SQL Warehouse Saturation %, Databricks

Card class: Hero • Category: Capacity

At a glance

How close your Databricks SQL warehouse is to its concurrency ceiling, expressed as a percentage. A SQL warehouse can serve a finite number of concurrent queries before new ones start queuing; saturation measures how full that pipe is right now. At 40% there is plenty of headroom; at 90% queries are about to queue, and once they queue, latency rises sharply and dashboards feel slow. For a platform team this is the gauge that tells you whether to scale out (add clusters to the warehouse), and the alert at 90% is the line where action becomes urgent rather than optional.


What it tracks	The ratio of in-use query slots to total available slots across the warehouse’s active clusters, as `dbx_pool_saturation`, rendered as a gauge from 0 to 100%.
Data source	The SQL Warehouses API monitoring endpoint (`GET /api/2.0/sql/warehouses/{id}` and the warehouse monitoring stats) plus `system.compute.warehouse_events` and query-history concurrency, where the system schema is enabled. Saturation is active concurrency divided by the warehouse’s max concurrency for its current cluster count.
Why it matters	Saturation is the leading indicator of query queuing. Latency and queue-time both stay flat until saturation nears 100%, then rise non-linearly. Catching the climb to 90% lets you scale before users feel it.
Time window	`RT/1m`: real-time gauge sampled on a one-minute cadence.
Alert trigger	`> 90%`. Sustained saturation above 90% means the warehouse is at its concurrency ceiling and queries are queuing or about to.
Sentiment	Lower is healthier for headroom, but very low sustained values (under 10%) suggest the warehouse is over-provisioned for its load.
Roles	owner, engineering, operations (DBA / platform / SRE)

Calculation

A Databricks SQL warehouse runs one or more clusters, and each cluster admits a bounded number of concurrent queries (the platform targets roughly ten running queries per cluster before it considers scaling). Saturation is the live occupancy of that capacity:

total_slots   = clusters_active * slots_per_cluster
in_use_slots  = queries_currently_running
saturation_%  = (in_use_slots / total_slots) * 100

Vortex IQ reads active concurrency from the warehouse monitoring stats and the count of running queries from query history, then divides by the slot capacity implied by the warehouse’s current cluster count and size. Because warehouses autoscale, the denominator moves: when the warehouse adds a cluster, total slots rise and saturation drops even if load is unchanged. The gauge therefore reflects occupancy relative to current capacity, which is exactly what you want, a warehouse that is at max clusters and still 95% saturated has a genuine capacity problem, whereas one at 95% with room to add clusters will self-heal in seconds. The one-minute sampling smooths out sub-second bursts. A momentary spike to 100% as a heavy query lands is normal; the alert is built around sustained saturation, so a single sample over 90% that drops back at the next reading does not page.

Worked example

A platform team runs a SQL warehouse (size Medium, autoscaling 1 to 4 clusters) that powers internal BI dashboards plus an embedded analytics layer on a storefront. Snapshot taken on 18 Apr 26 between 09:00 and 09:30 UTC, the morning reporting peak.

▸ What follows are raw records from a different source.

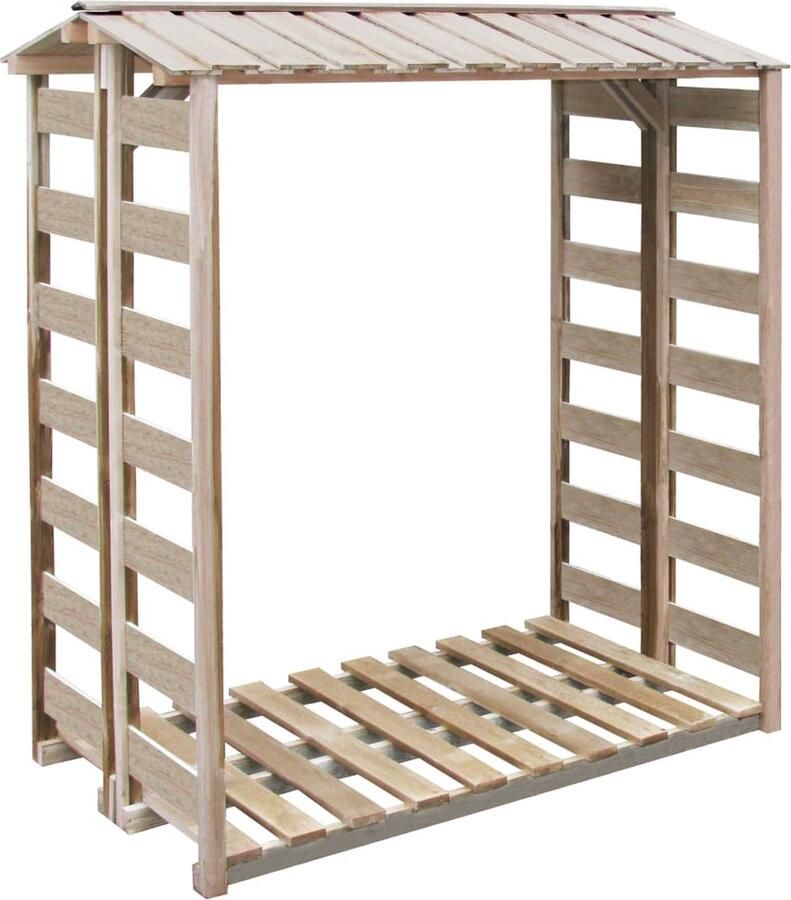 LBB Brandhoutrek Houtopslag 150x44x176cm( BxHxD) Bruin Hout Haardhout opslag – Haardhoutrek Buiten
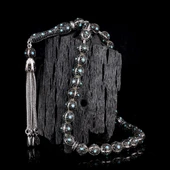 TURKUAZ ZİRKON TAŞ İŞLEMELİ TAMAMI 925 AYAR GÜMÜŞ TESBİH thumbnail 1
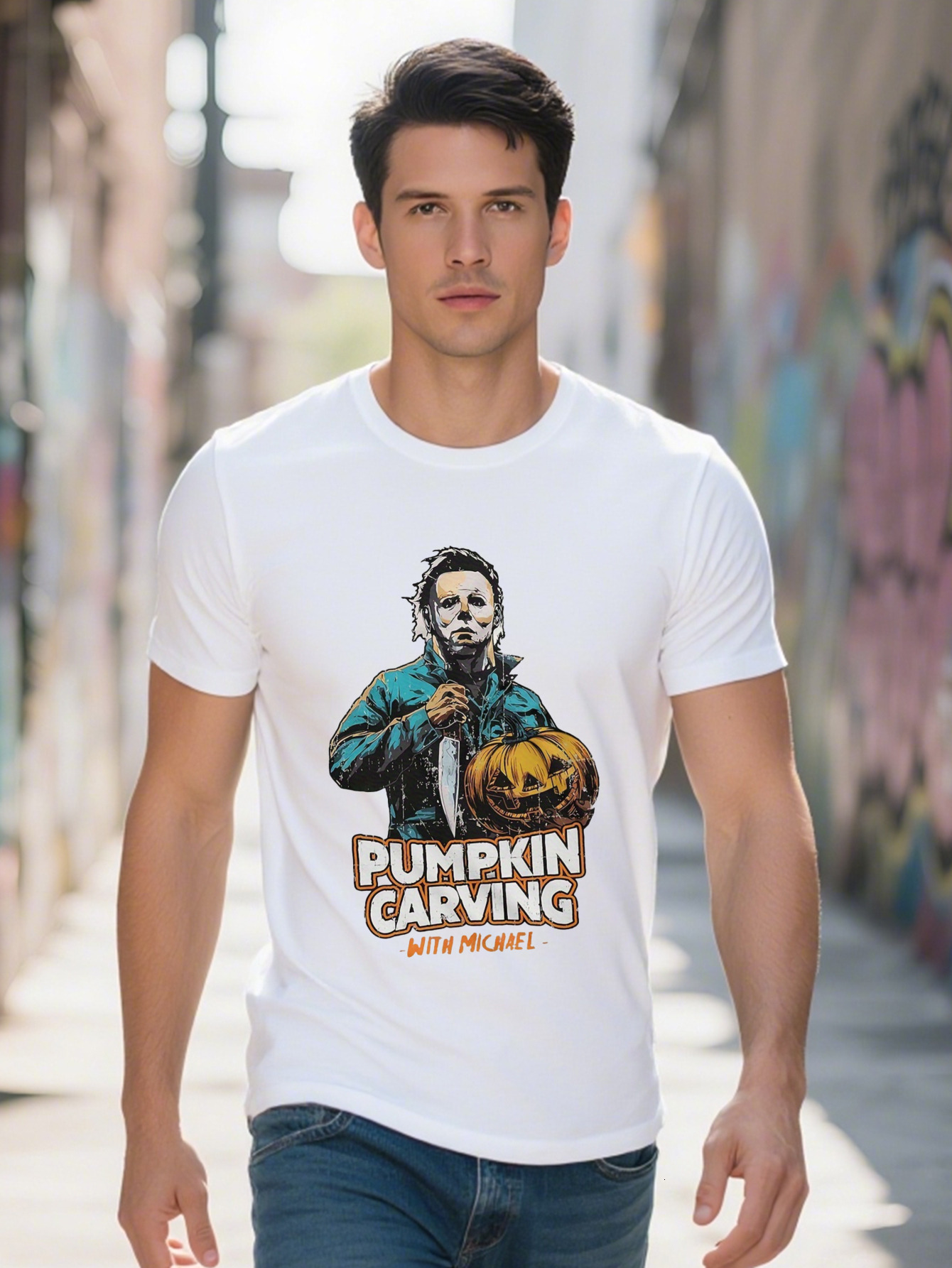 Halloween Horror Movie Short Sleeve Pumpkin Carving Men's T-shirt Costume Party Tee Shirt c50b3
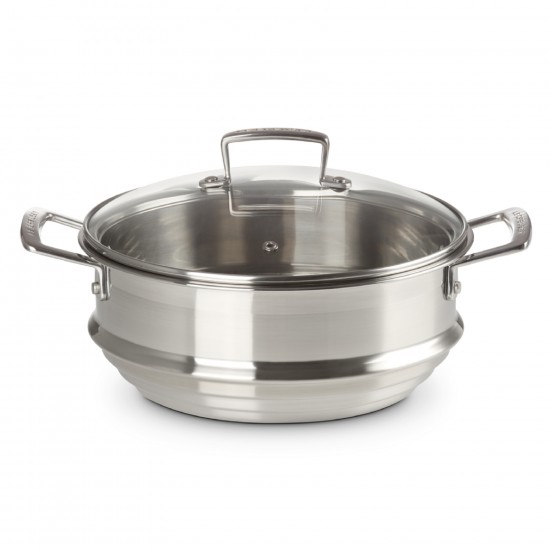 Le Creuset Stainless Steel Steamer Insert with lid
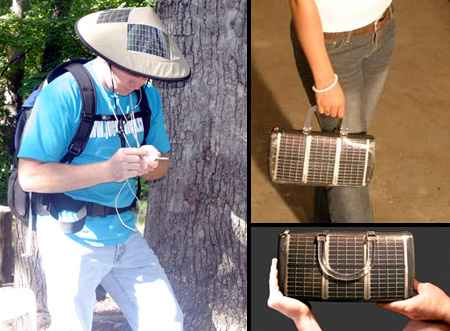 Hat and bag with the use of solar panels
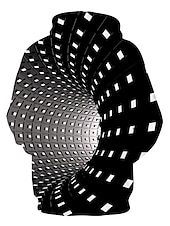 halpa Poikien 3D-näkö ja geometria-Poikien 3D Geometrinen Huppari Pitkähihainen 3D-tulostus Kevät Talvi Aktiivinen Perus Lapset Taapero Päivittäin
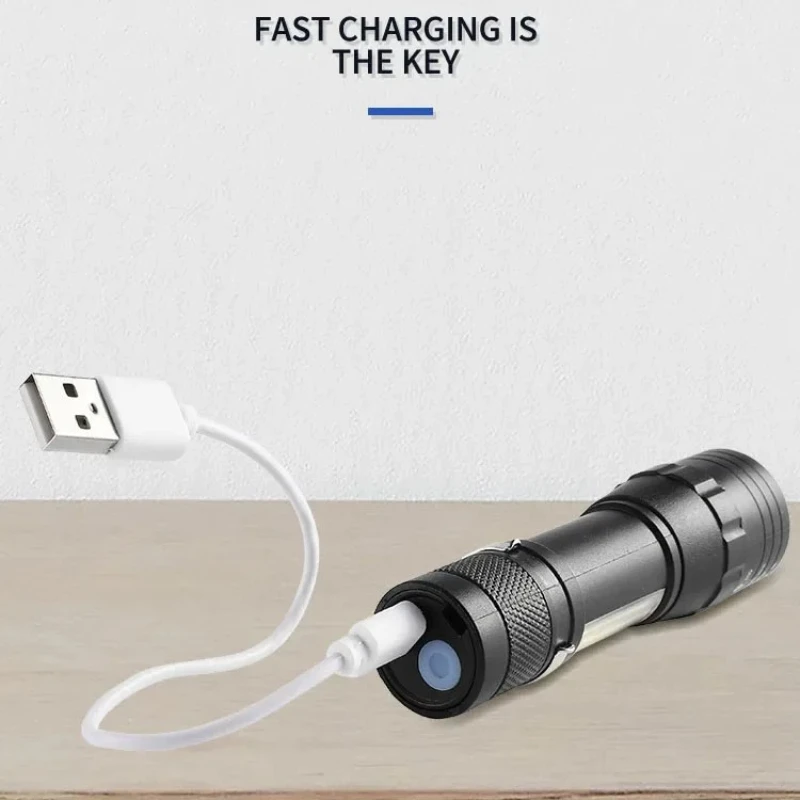 USB wiederaufladbare Mini-Taschenlampen, 3-Modus-Laterne, COB + XPE, tragbar, eingebauter Akku, zoombare kleine Taschenlampe, Camping-Notfalllampe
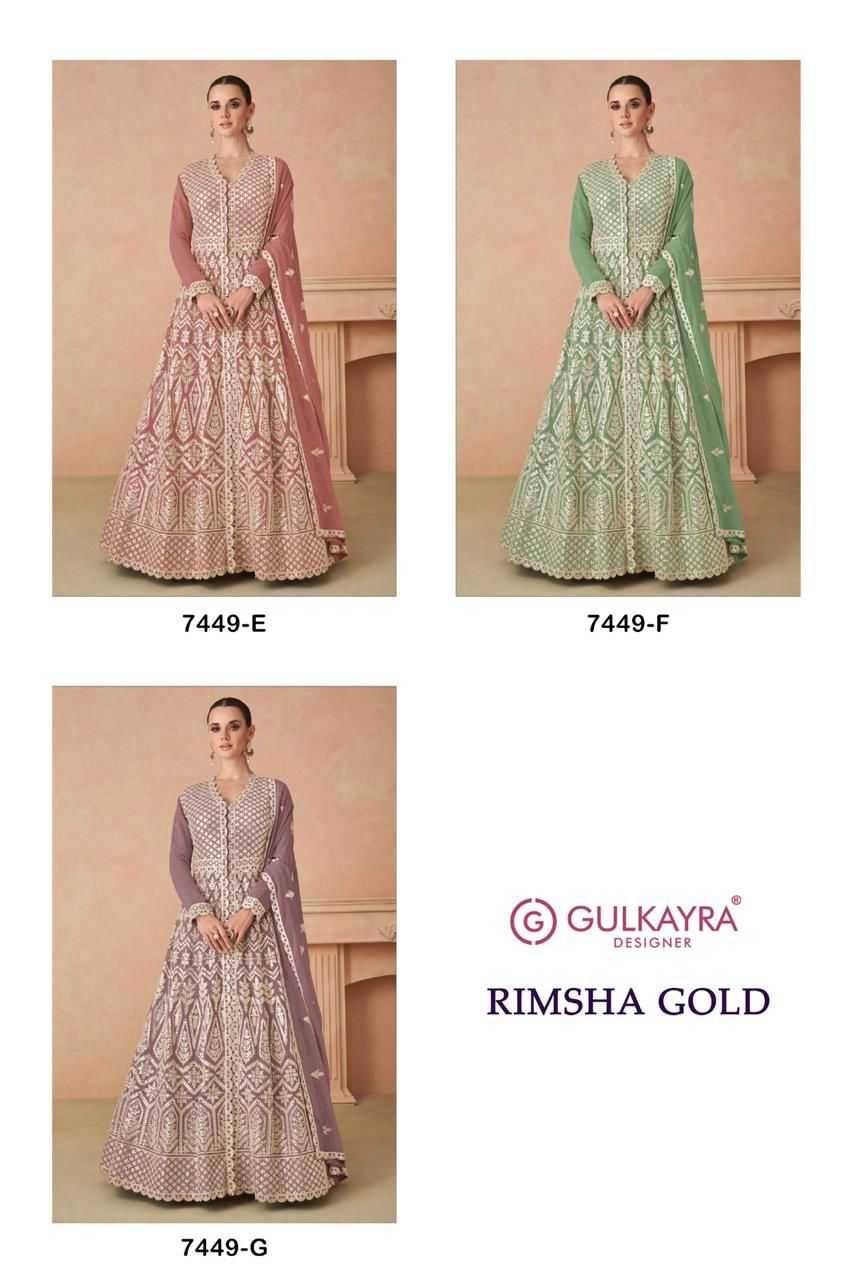 Rimsha Gold By Gulkayra Designer 7449-E To 7449-G Series Beautiful Sharara Suits Colorful Stylish Fancy Casual Wear & Ethnic Wear Georgette Dresses At Wholesale Price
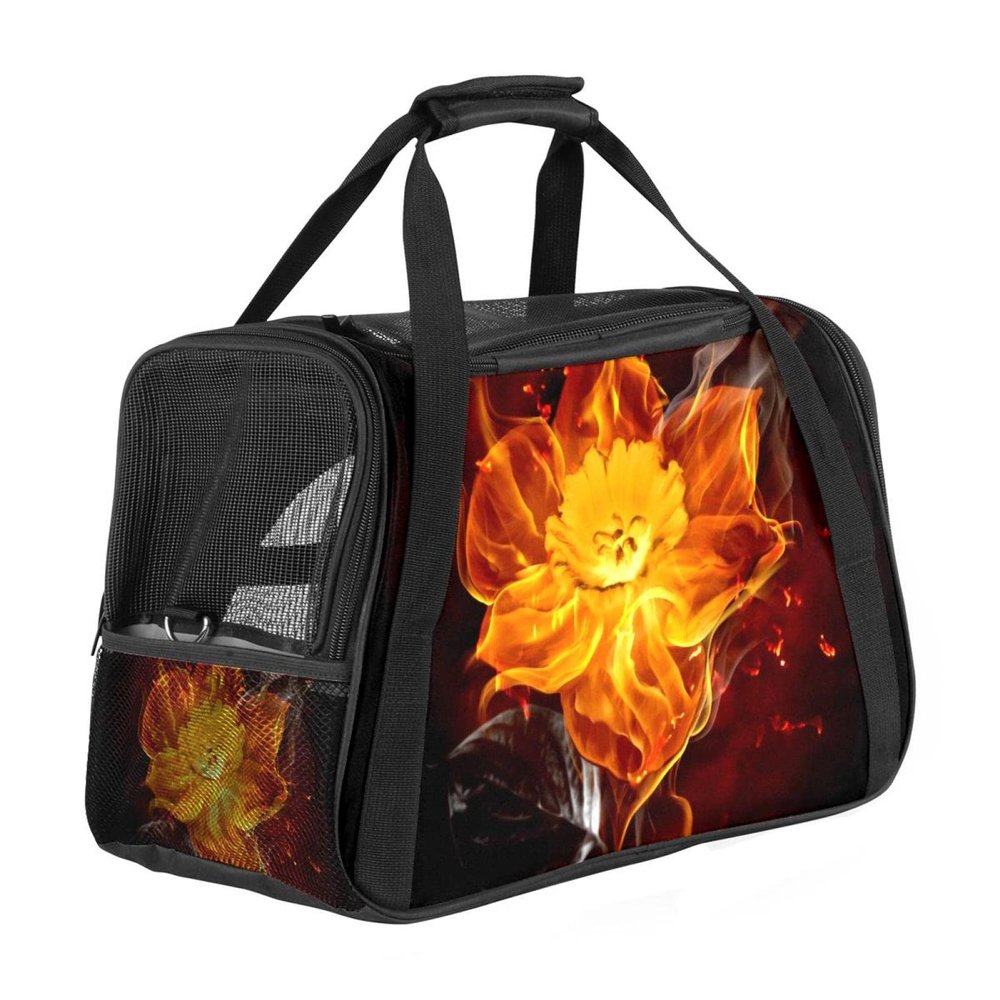 Foldable Airline-Approved Pet Carrier with Floral Print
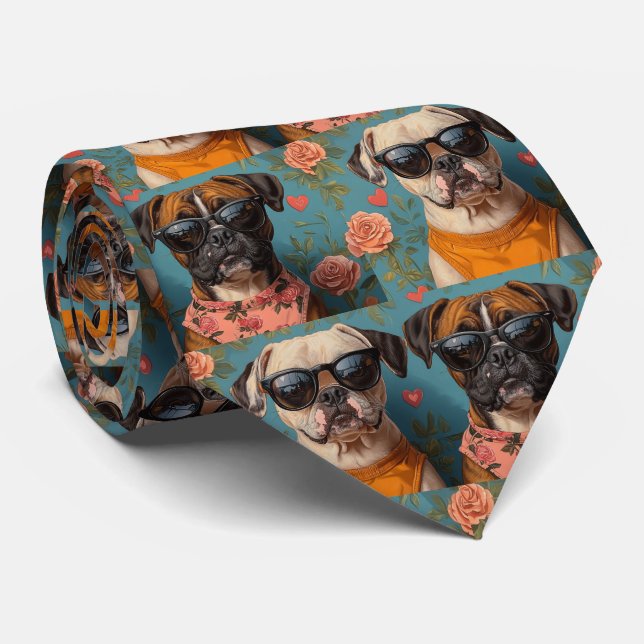 Cravate Boxer avec coeur Roses Saint-Valentin (Roulé)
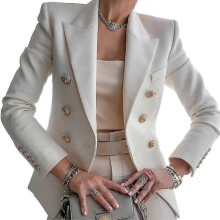 (S, White) Women's Ladies Casual Long Sleeve Lapel Double-breasted Slim Work Office Blazer Jacket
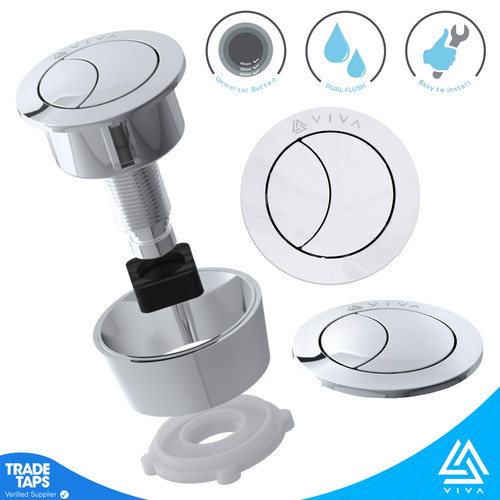 Chrome toilet push button - toilet,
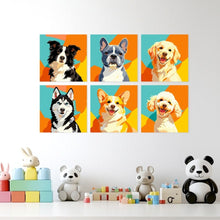 Load image into Gallery viewer, Mini Paint by Numbers Set 7.9"x7.9" (6 pieces) - Pop Dog Portraits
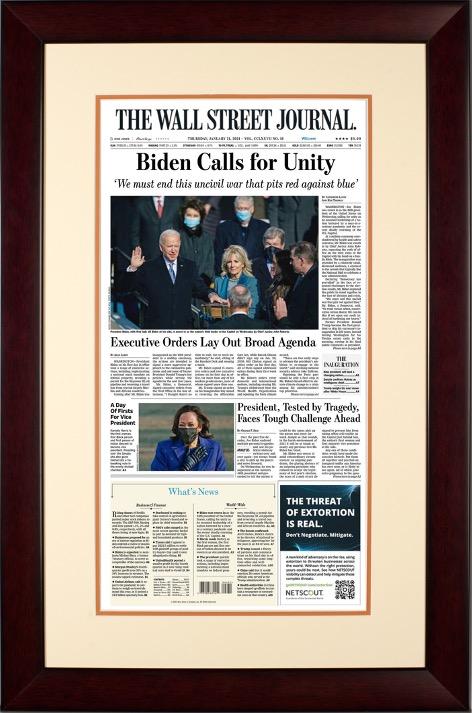 Biden Inauguration | The Wall Street Journal, Framed Reprint, Jan. 21, 2021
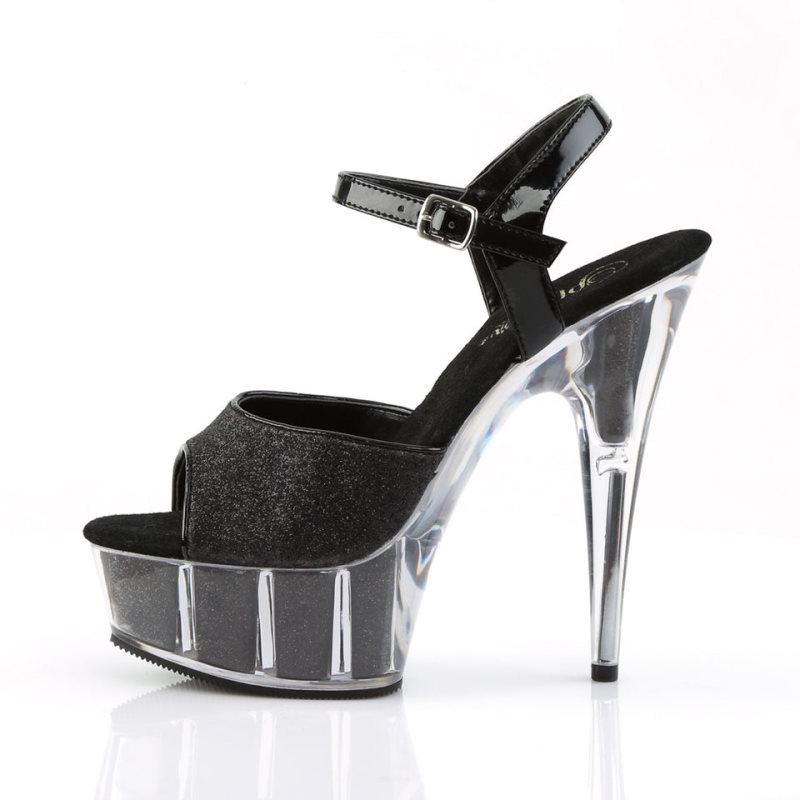 Pleaser Delight-609-5G Hakken Dames Zwart | BELGIE BESXJZMR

Time (UTC)	Clusters	Running queries	Total slots	Saturation %	Note
09:02	1	7	10	70	Warming up
09:08	1	10	10	100	At ceiling, queuing begins
09:09	2	11	20	55	Autoscale added a cluster
09:21	2	19	20	95	Alert: sustained > 90%
09:24	3	21	30	70	Scaled again, recovered

The gauge flags red at 09:21 when saturation holds at 95% across several samples while the warehouse is on 2 of its 4 allowed clusters. The platform engineer drills in.

What is happening at 09:21:
  - 19 queries running, 20 slots; ~4 queries queued and waiting
  - Queue time on new queries: jumped from 0.1s to 6.8s
  - Embedded storefront analytics widget load time: up from 0.9s to 7s+
  - Warehouse has 2 more clusters of headroom but scale-up lag is ~30-60s

The decisions:

Confirm autoscaling is doing its job. It is, by 09:24 a third cluster is up and saturation falls to 70%. The 95% window was the autoscaler’s reaction lag, not a hard ceiling. The user-visible pain lasted about three minutes.
Reduce the reaction lag. Raising the warehouse’s minimum cluster count from 1 to 2 during business hours means the morning peak starts with more headroom and the first burst does not hit 100%. This trades a small steady-state cost for smoother peaks.
Check whether the load is queries or one heavy query. Here it was many concurrent dashboard refreshes, a true concurrency problem that scaling out solves. If it had been one giant query holding a slot, scaling out would not have helped, and the fix would live in Top 10 Slowest SQL Queries instead.

Two takeaways:

Saturation is the cause; latency is the effect. The latency rise on SQL Query Latency p95 (ms) at 09:21 and this gauge hitting 95% are the same event. Watch saturation to act before latency degrades.
A warehouse pinned at max clusters and still saturated is a different problem. When there is no headroom left to autoscale into, sustained high saturation means the warehouse is genuinely too small for its peak, and the answer is a larger warehouse size or a higher max-cluster ceiling, not patience.

Sibling cards

Card	Why pair it with SQL Warehouse Saturation	What the combination tells you
Active SQL Sessions	Sessions drive concurrency; more sessions push saturation up.	A session surge with rising saturation equals a genuine demand peak.
SQL Query Latency p95 (ms)	Latency is the user-visible effect of saturation.	p95 climbing as saturation passes 90% confirms queuing, not slow queries.
SQL Queries per Hour (live)	The throughput driving the gauge.	High QPH plus high saturation equals scale out; low QPH plus high saturation equals heavy queries.
Active SQL Warehouses	Tells you how many warehouses exist to spread load.	One saturated warehouse among many idle ones equals a routing/sizing imbalance.
Top 10 Slowest SQL Queries	Distinguishes concurrency pressure from one slot-hogging query.	A single slow query holding a slot saturates a small warehouse on its own.
Slow-Query Rate %	Slow queries occupy slots longer, inflating saturation.	Rising slow-query rate plus saturation equals queries holding slots too long.
Avg Cluster CPU Utilisation %	Confirms whether the warehouse hardware is also hot.	High saturation with low CPU means slots are full but compute is idle (queries waiting, not working).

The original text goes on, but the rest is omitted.